Cette réforme vise à encadrer la succession présidentielle et à renforcer la continuité de l’État, selon les autorités. Défendu par le gouvernement, le projet a été présenté comme un moyen d’améliorer la gestion des transitions au sommet du pouvoir et de stabiliser les périodes électorales.

Cependant, les débats ont révélé de vives tensions. Plusieurs voix de l’opposition ont dénoncé une réforme taillée sur mesure pour le pouvoir en place. La députée du PCRN, Ngo Issi, a critiqué l’instauration d’un « dauphin administratif », tandis que le député Jean Michel Nintcheu a évoqué un « coup d’État constitutionnel », estimant que cette disposition pourrait permettre une succession sans passage par les urnes.

Le président du MRC, Maurice Kamto, a également fustigé une « capture institutionnelle du pouvoir », accusant le parti au pouvoir de chercher à pérenniser son emprise sur l’État.

Des critiques relayées par la société civile, qui déplore un manque de clarté sur les attributions du futur vice-président et redoute une instrumentalisation politique de cette fonction.

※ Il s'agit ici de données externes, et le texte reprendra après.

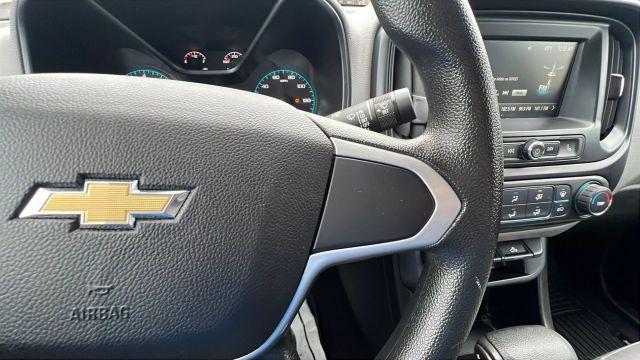 used 2018 Chevrolet Colorado car, priced at $18,999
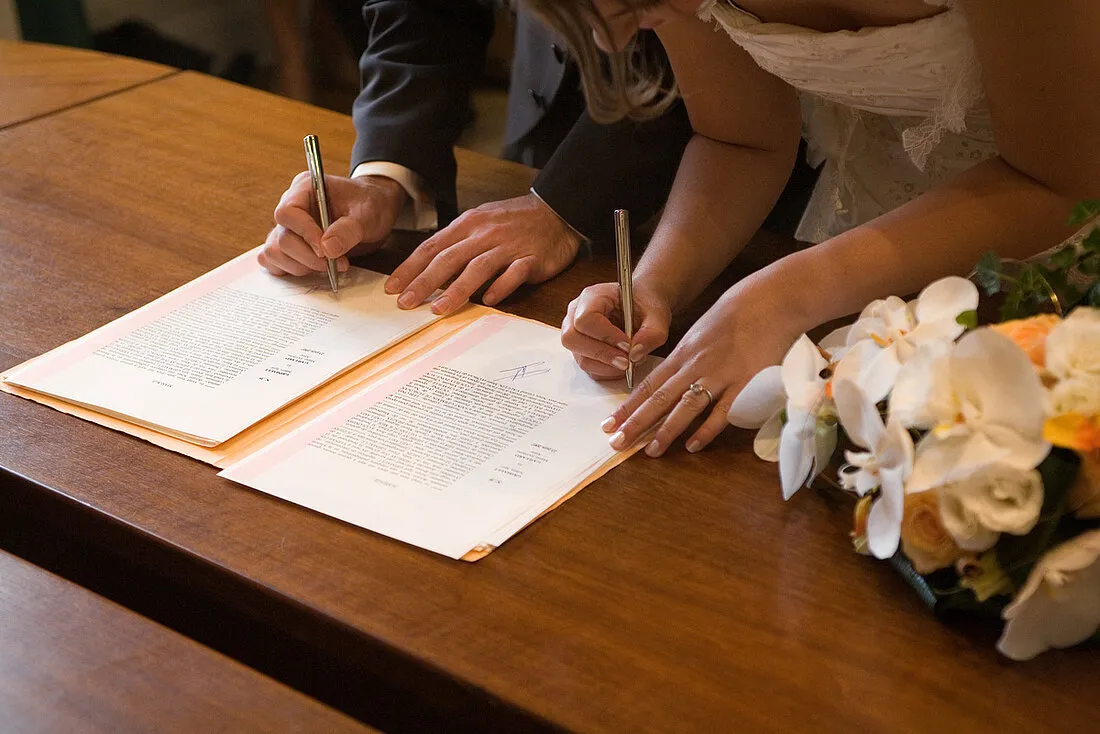 mariage mixte maroc procédure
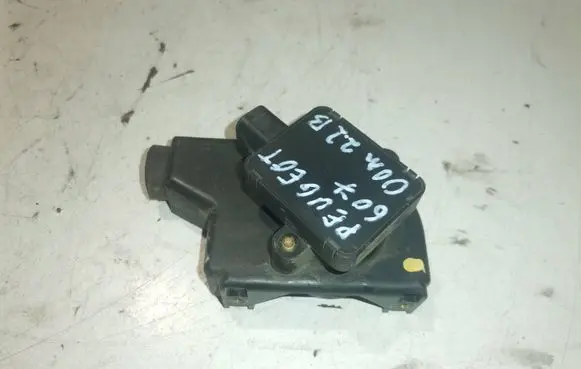 Peugeot 607 Accelerator pedal position sensor 9639779180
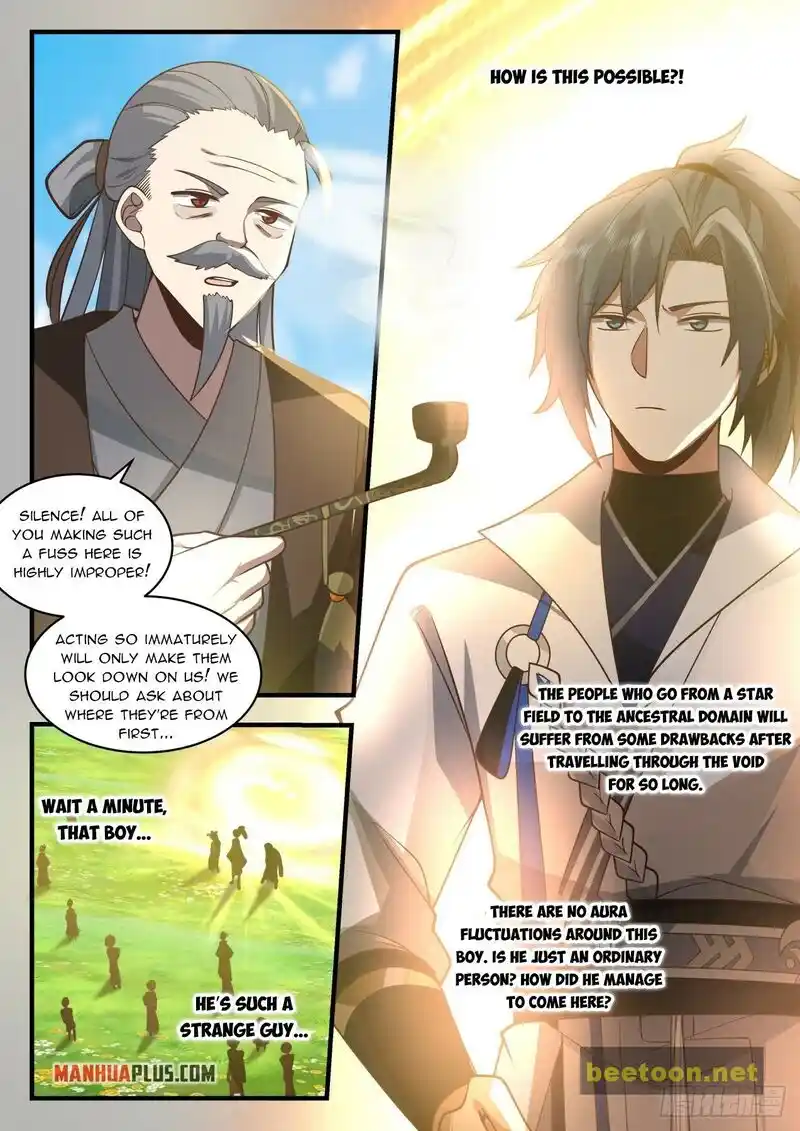 ManhwaFull Chapter 2164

À l’inverse, les responsables du Rassemblement démocratique du peuple camerounais (RDPC) défendent une réforme conforme aux engagements internationaux du pays, notamment au sein de l’Union africaine. Pour eux, ce changement constitutionnel doit garantir une transition présidentielle plus prévisible et renforcer la stabilité institutionnelle.

Malgré son adoption, cette révision continue de susciter un débat politique intense au Cameroun.